For most gaming or general-purpose builds, this distinction is irrelevant — RAID of any kind is rarely used in those contexts. But for users specifically planning a multi-drive redundant array where storage efficiency matters, the Asus TUF holds a clear and functional edge as the only board here with RAID 5 capability.

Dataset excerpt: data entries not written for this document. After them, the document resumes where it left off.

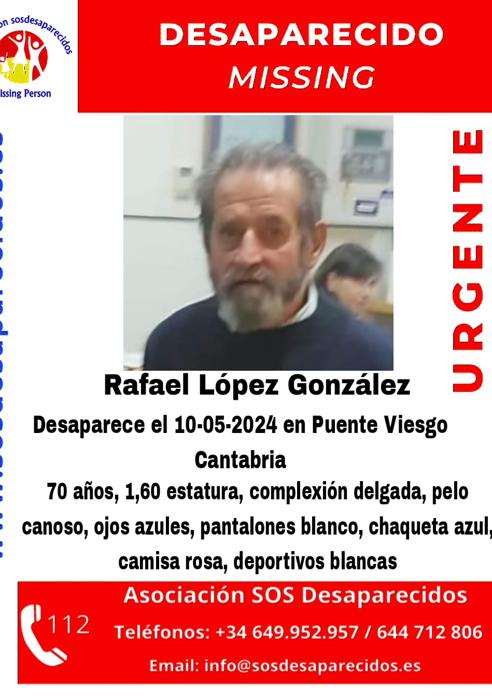 Imagen - Cartel de SOS Desaparecidos.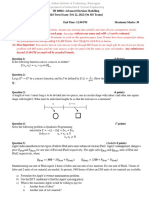 Beyond 12:00 PM On Email Will Be Awarded 0 Marks.: Instructions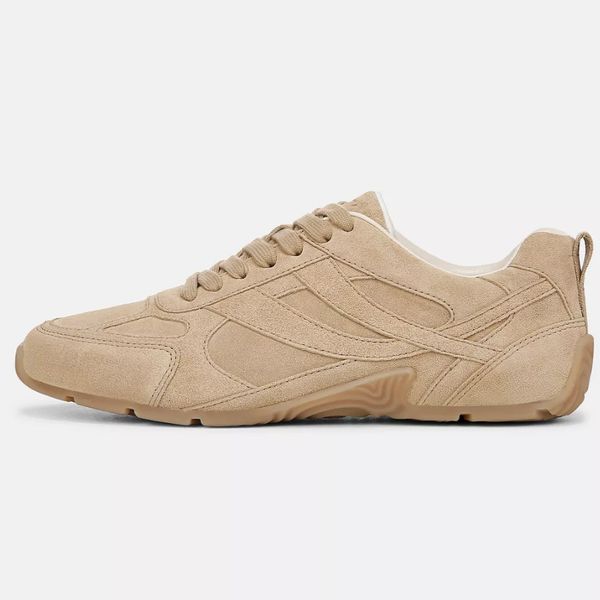 Vince Mojave Suede Trainer Sneaker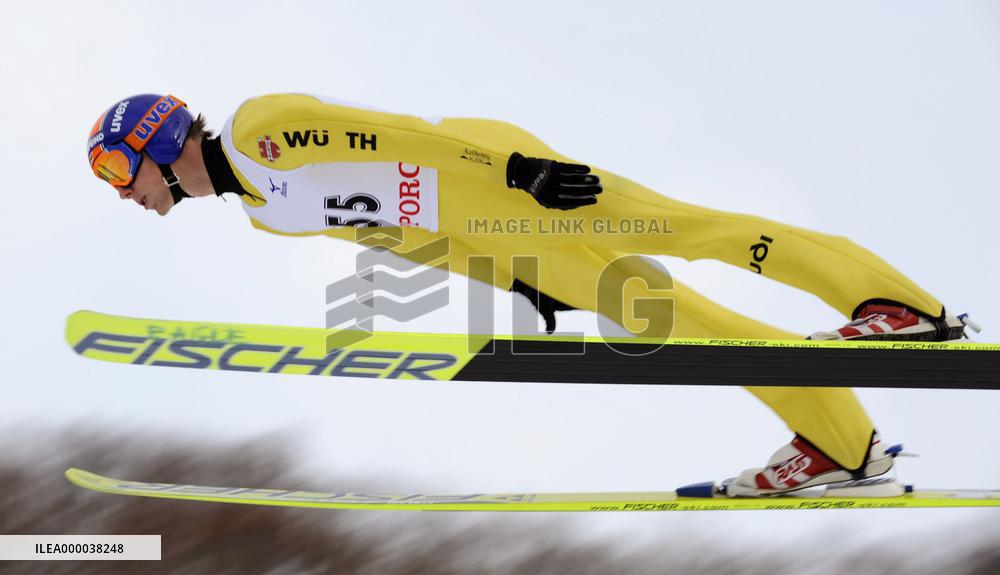 Germany's Stephan Hocke wins Sapporo Olympic memorial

Comparison Summary & Verdict

Both boards are strong B850 contenders, but each suits a different type of builder. The Asus TUF Gaming B850-Plus WiFi stands out for users who need a more diverse rear USB-A selection, a DisplayPort output, a USB 3.2 Gen 2x2 port, RAID 5 support, and more analog audio connectors — making it a solid pick for multimedia enthusiasts and those with legacy display or storage setups. The MSI MAG B850 Tomahawk Max WiFi pulls ahead for power users who want higher maximum memory capacity (256 GB), faster native and overclocked RAM speeds, an extra M.2 slot, more fan headers, three rear USB-C ports, a TPM connector, and easy BIOS reset functionality. If future-proofing memory and system manageability are your priorities, the MSI is the stronger platform.

Asus TUF Gaming B850-Plus WiFi
Buy Asus TUF Gaming B850-Plus WiFi if...

Buy the Asus TUF Gaming B850-Plus WiFi if you need a DisplayPort output, a broader range of rear USB-A ports including a USB 3.2 Gen 2x2 port, RAID 5 support, or more analog audio connectors.

MSI MAG B850 Tomahawk Max WiFi
Buy MSI MAG B850 Tomahawk Max WiFi if...

Buy the MSI MAG B850 Tomahawk Max WiFi if you want higher maximum memory capacity (256 GB), faster RAM speeds, an extra M.2 slot, more fan headers, three rear USB-C ports, or easy BIOS reset capability.